### To do
In the listing that follows, locate the line containing "Women's Fashion Turban" and the line containing "Handmade glass candle holder". Retype exactly those two lines and every line between them, and nothing more.

::: Recorded data :::

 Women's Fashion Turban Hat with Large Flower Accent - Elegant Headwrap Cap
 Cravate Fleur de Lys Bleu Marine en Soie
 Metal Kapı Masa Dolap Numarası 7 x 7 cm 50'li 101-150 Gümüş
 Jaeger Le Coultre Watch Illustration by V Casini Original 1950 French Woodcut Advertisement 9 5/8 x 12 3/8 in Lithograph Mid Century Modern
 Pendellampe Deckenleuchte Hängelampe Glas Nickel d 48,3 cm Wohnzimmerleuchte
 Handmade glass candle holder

:::
::: Recorded data :::

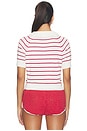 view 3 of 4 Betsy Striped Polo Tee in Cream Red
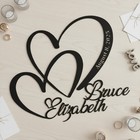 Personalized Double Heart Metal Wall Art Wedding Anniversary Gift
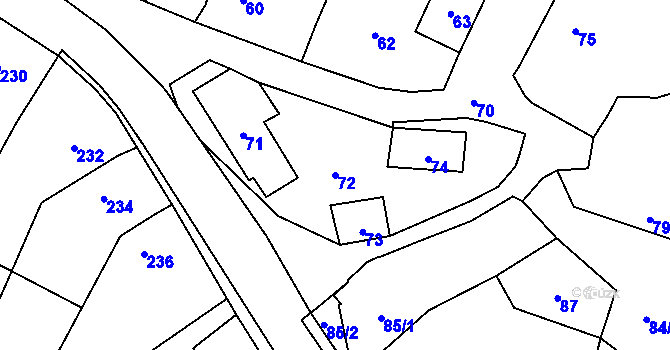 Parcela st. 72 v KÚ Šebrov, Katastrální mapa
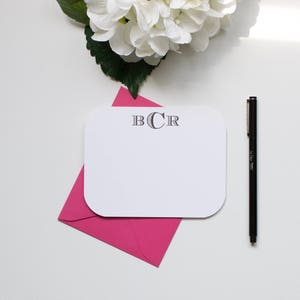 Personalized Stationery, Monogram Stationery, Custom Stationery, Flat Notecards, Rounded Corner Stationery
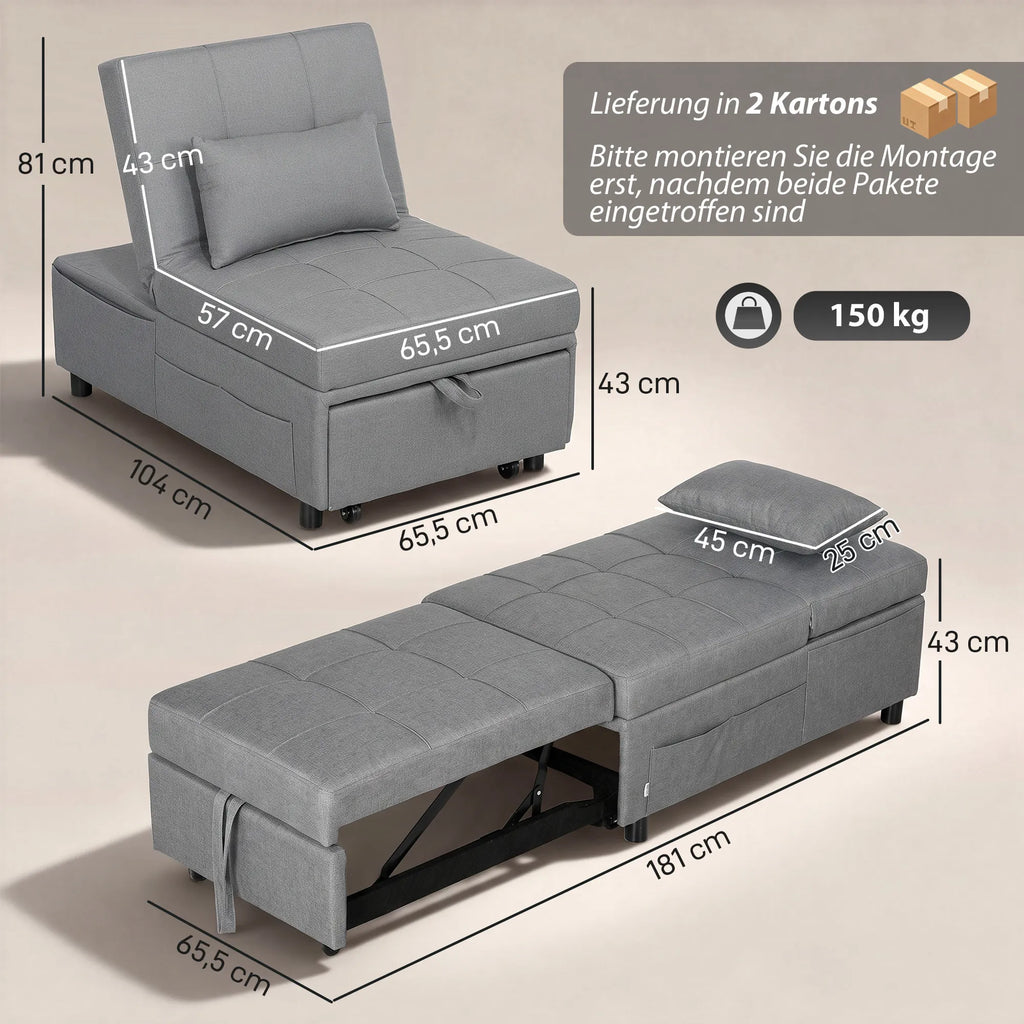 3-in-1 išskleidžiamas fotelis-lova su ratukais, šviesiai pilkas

:::
::: Recorded data :::

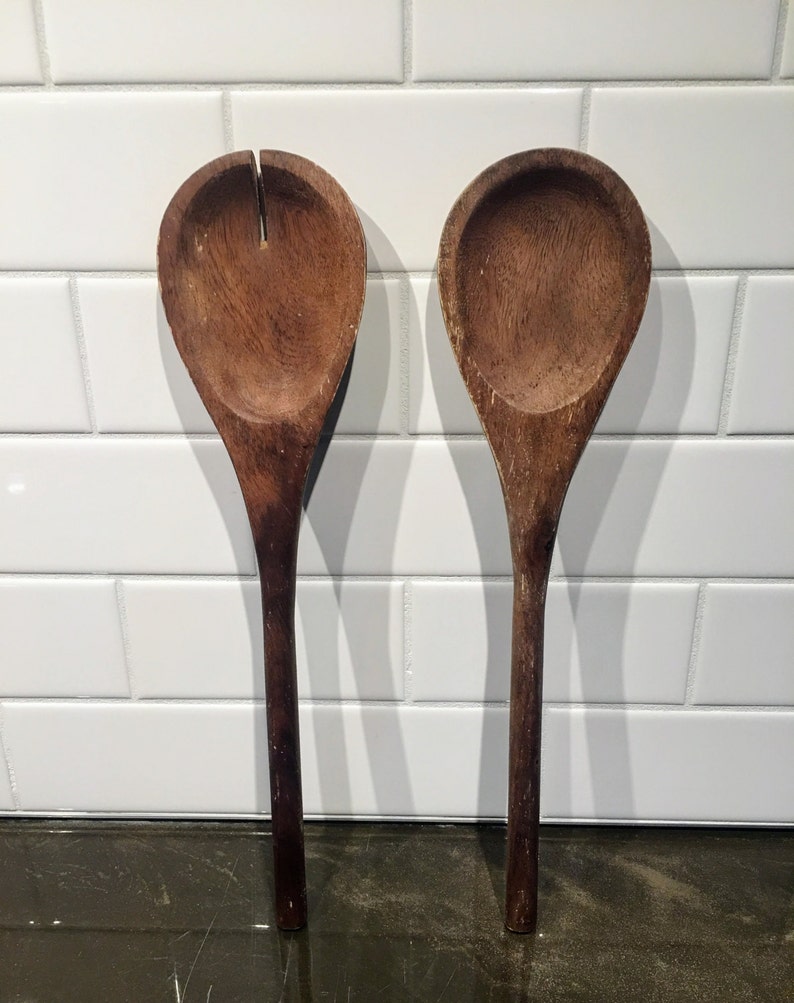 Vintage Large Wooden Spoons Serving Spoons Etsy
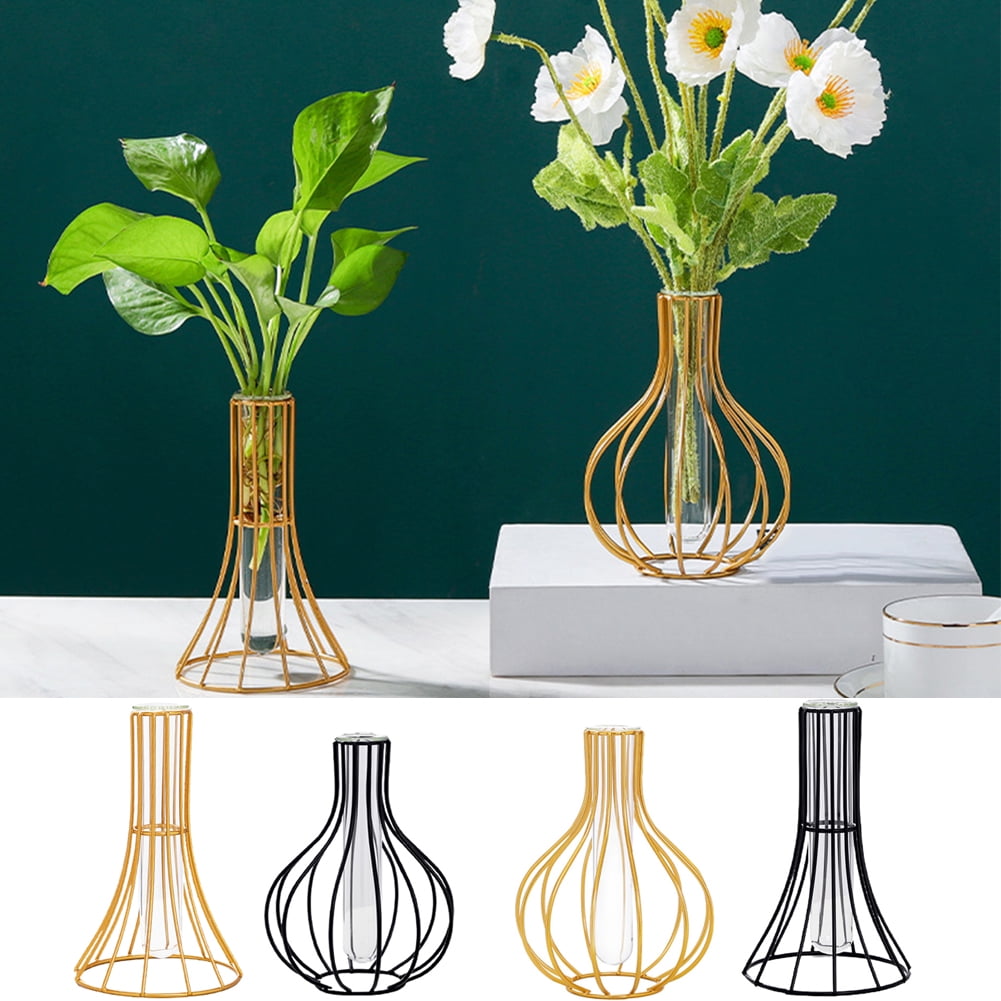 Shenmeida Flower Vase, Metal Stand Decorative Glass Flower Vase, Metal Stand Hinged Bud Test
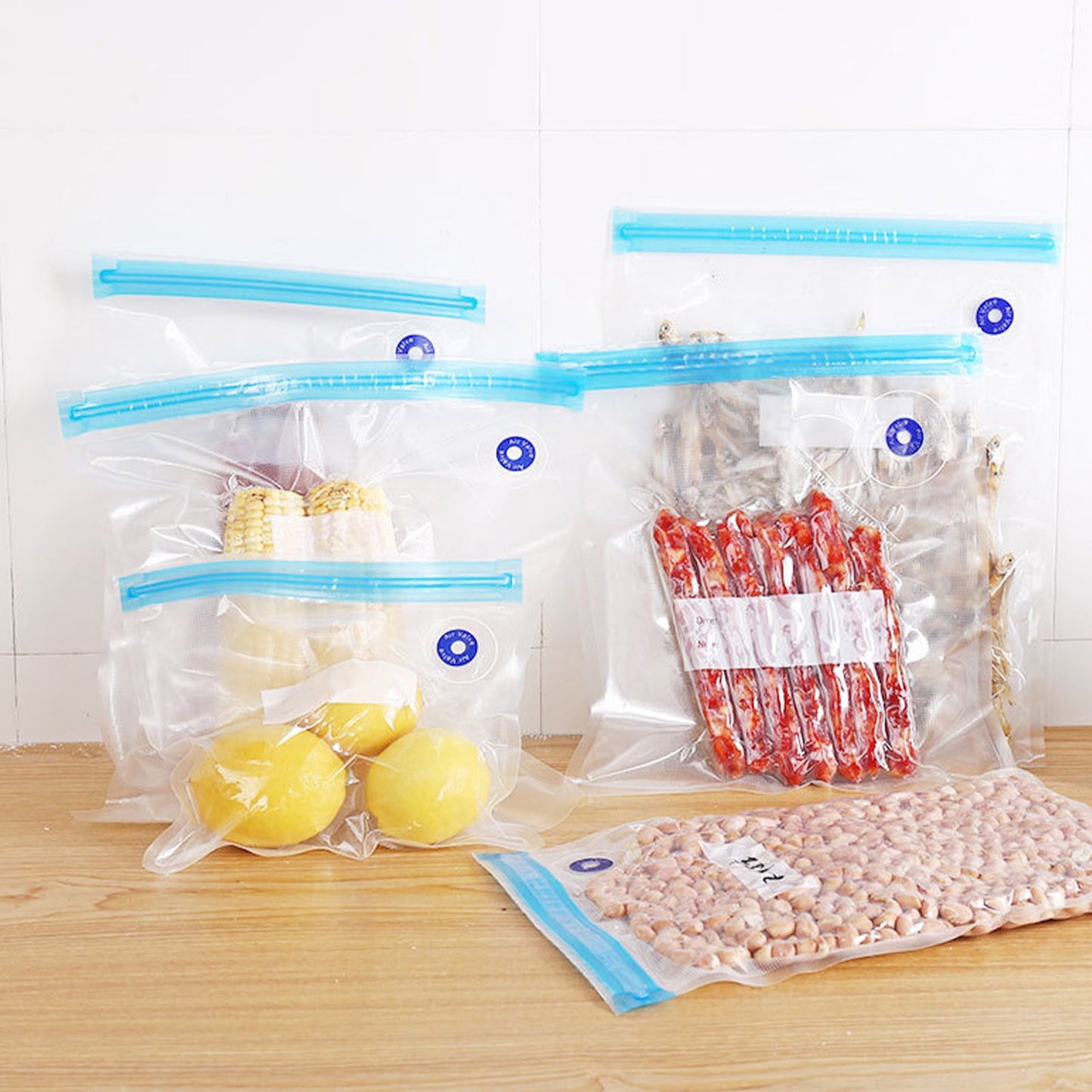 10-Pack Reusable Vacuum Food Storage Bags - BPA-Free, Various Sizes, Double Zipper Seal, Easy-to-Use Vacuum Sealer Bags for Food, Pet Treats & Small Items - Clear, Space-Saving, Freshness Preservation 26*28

:::

### Solution to the problem
 Women's Fashion Turban Hat with Large Flower Accent - Elegant Headwrap Cap
 Cravate Fleur de Lys Bleu Marine en Soie
 Metal Kapı Masa Dolap Numarası 7 x 7 cm 50'li 101-150 Gümüş
 Jaeger Le Coultre Watch Illustration by V Casini Original 1950 French Woodcut Advertisement 9 5/8 x 12 3/8 in Lithograph Mid Century Modern
 Pendellampe Deckenleuchte Hängelampe Glas Nickel d 48,3 cm Wohnzimmerleuchte
 Handmade glass candle holder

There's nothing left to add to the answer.